_Exercise brief:_ Please transcribe the lines below exactly, and leave every image behind.

_Supplied data:_
········

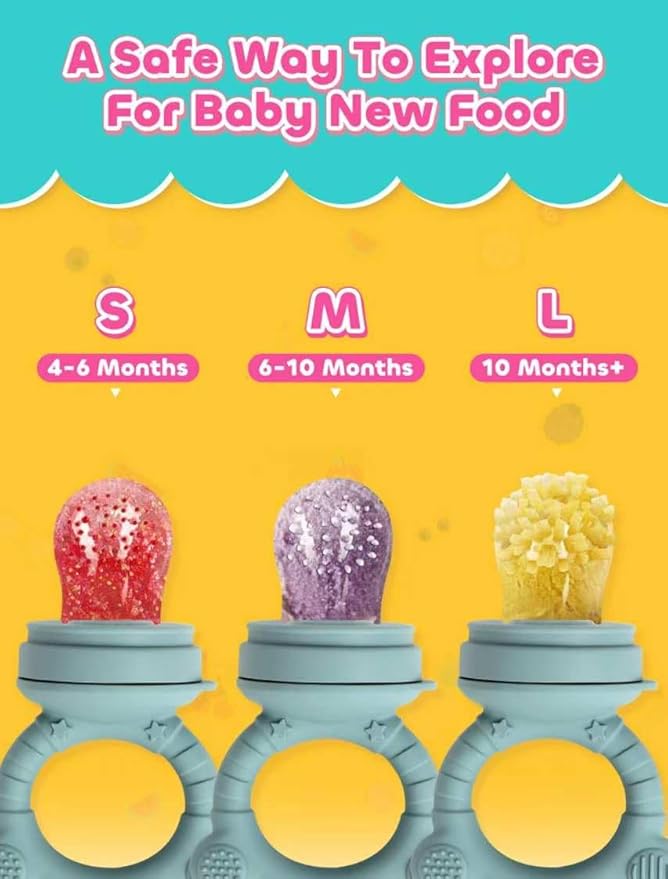 Baby Popsicle Molds & Food Feeder Set, Baby Fruit Feeder for Infant Teething Relief & Safe Infant Self Feeding 4 Months+ Starting Solids for Essentials (Beige)
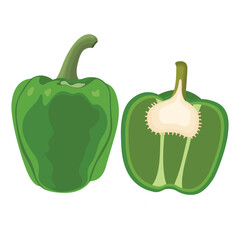Vector illustration of green pepper, red pepper, sliced cartoon design. Paprika. Pepper red. Bell pepper isolated. Sweet red peppers. 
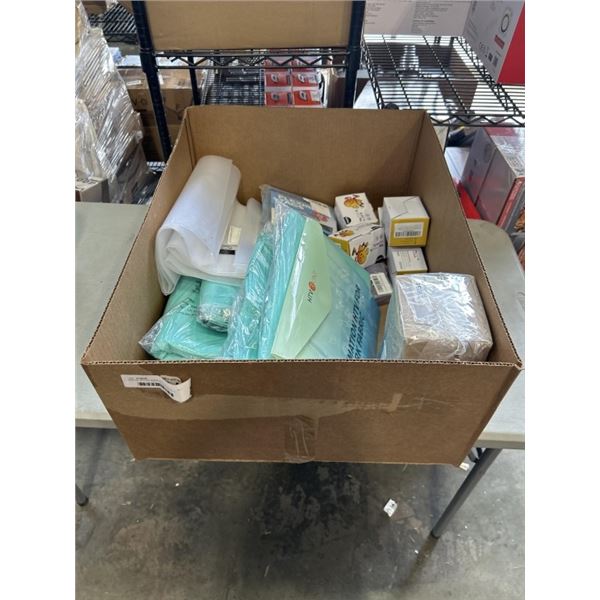 BOX OF OFFICE SUPPLIES INCLUDING 7 PACKS POLY MAILERS, 5 BOXES INKPAD INK CARTRIDGES, PERFORMANCE OI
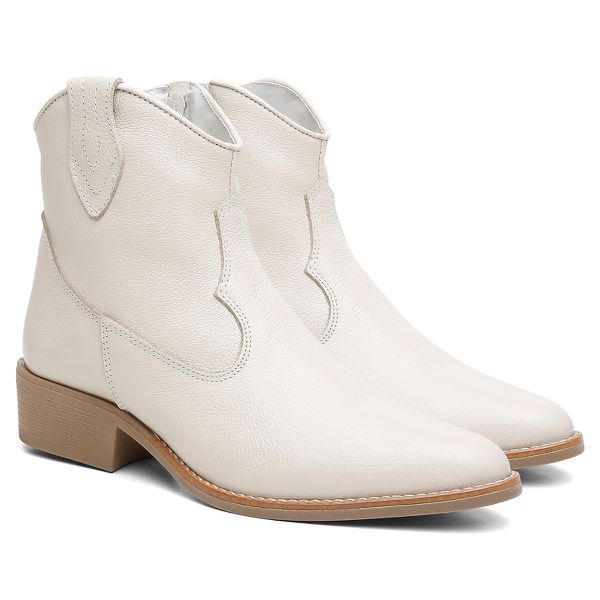 Bota Cano Baixo Western Marfim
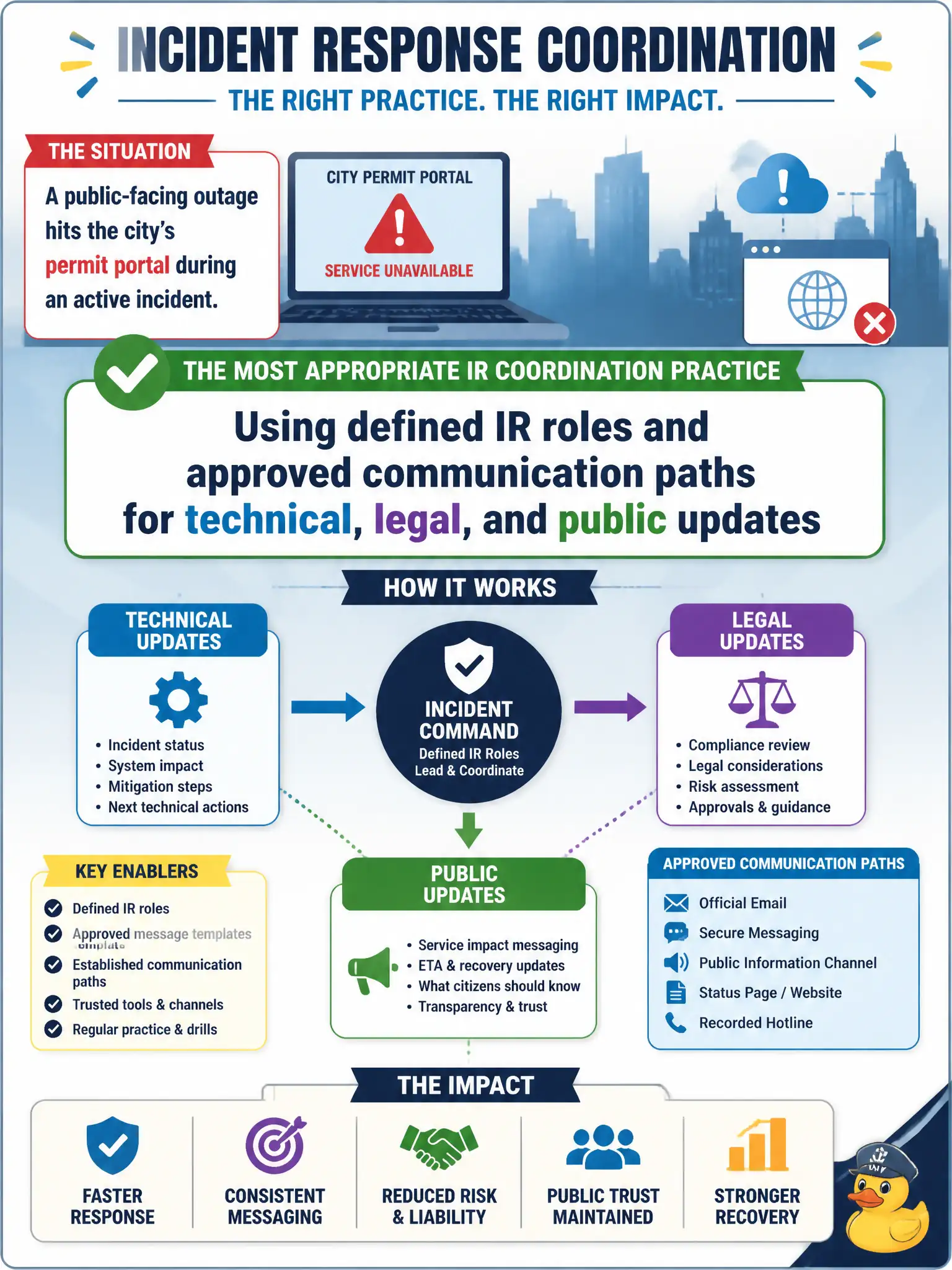 To Create an exciting colorful infographic that explains the concepts in the question: Question: A public-facing outage hits the city’s permit portal during an active incident. Which IR coordination practice is most appropriate? Correct Answer: Using defined IR roles and approved communication paths for technical, legal, and public updates Put EVERY visible label in double quotes. No people. No A/B/C/D letters. In one of the four corners put a little "Navy Duck".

········

_Solution to this task:_
 Baby Popsicle Molds & Food Feeder Set, Baby Fruit Feeder for Infant Teething Relief & Safe Infant Self Feeding 4 Months+ Starting Solids for Essentials (Beige)
Vector illustration of green pepper, red pepper, sliced cartoon design. Paprika. Pepper red. Bell pepper isolated. Sweet red peppers. 
 BOX OF OFFICE SUPPLIES INCLUDING 7 PACKS POLY MAILERS, 5 BOXES INKPAD INK CARTRIDGES, PERFORMANCE OI
 Bota Cano Baixo Western Marfim
 To Create an exciting colorful infographic that explains the concepts in the question: Question: A public-facing outage hits the city’s permit portal during an active incident. Which IR coordination practice is most appropriate? Correct Answer: Using defined IR roles and approved communication paths for technical, legal, and public updates Put EVERY visible label in double quotes. No people. No A/B/C/D letters. In one of the four corners put a little "Navy Duck".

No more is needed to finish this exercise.